**YOUR INSTRUCTIONS:** In the entries below, the lines from the one with "OKAL RED EAST" through the one with "A stunning vista" are to be copied exactly; both ends count.

**RECORDS FOR THIS EXERCISE:**
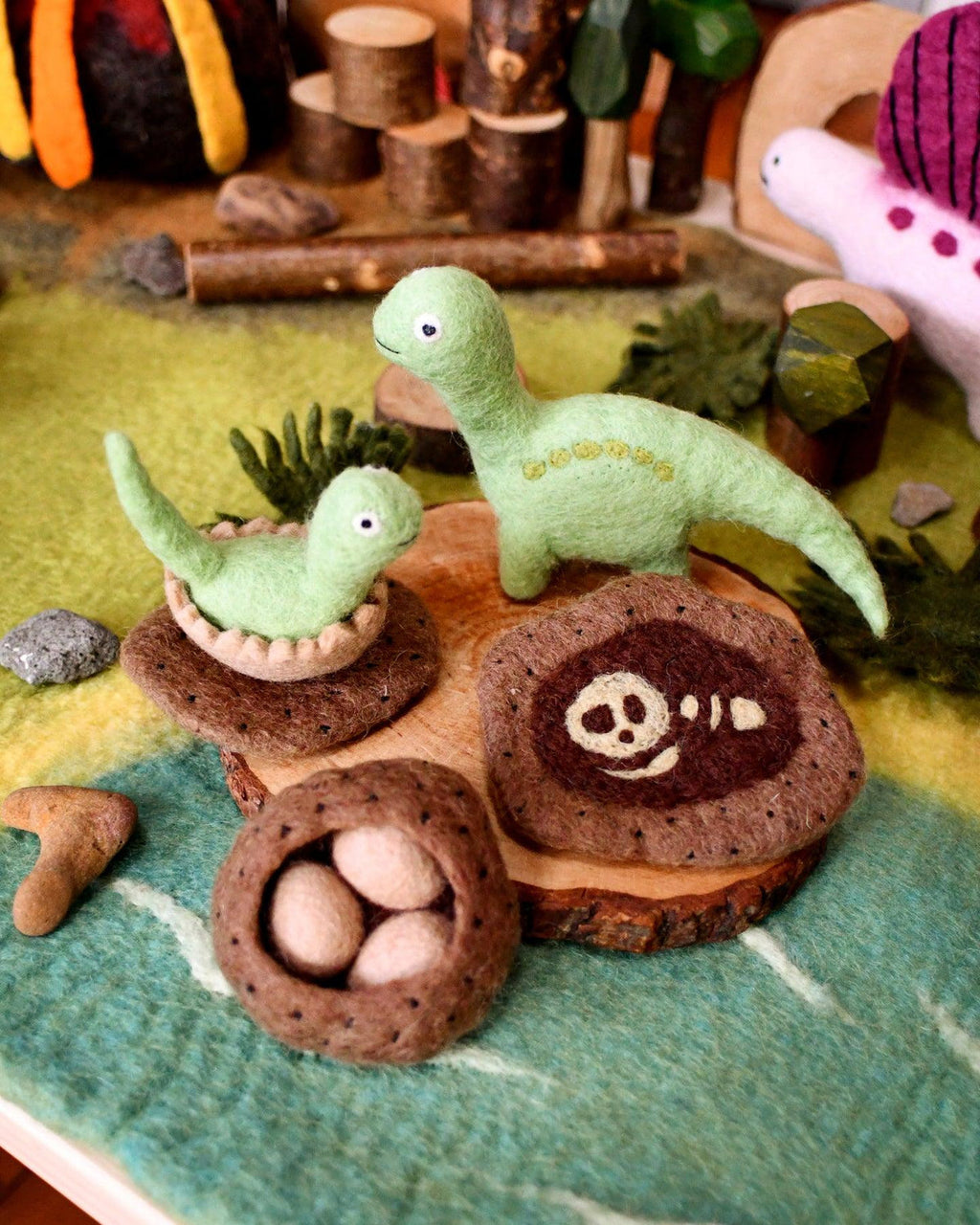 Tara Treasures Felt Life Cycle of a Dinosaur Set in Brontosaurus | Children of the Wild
--
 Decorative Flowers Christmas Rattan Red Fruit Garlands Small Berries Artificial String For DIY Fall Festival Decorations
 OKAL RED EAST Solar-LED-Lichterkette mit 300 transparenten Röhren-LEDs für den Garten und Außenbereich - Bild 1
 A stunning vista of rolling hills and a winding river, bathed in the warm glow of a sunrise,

**TASK ANSWER:**
 OKAL RED EAST Solar-LED-Lichterkette mit 300 transparenten Röhren-LEDs für den Garten und Außenbereich - Bild 1
 A stunning vista of rolling hills and a winding river, bathed in the warm glow of a sunrise,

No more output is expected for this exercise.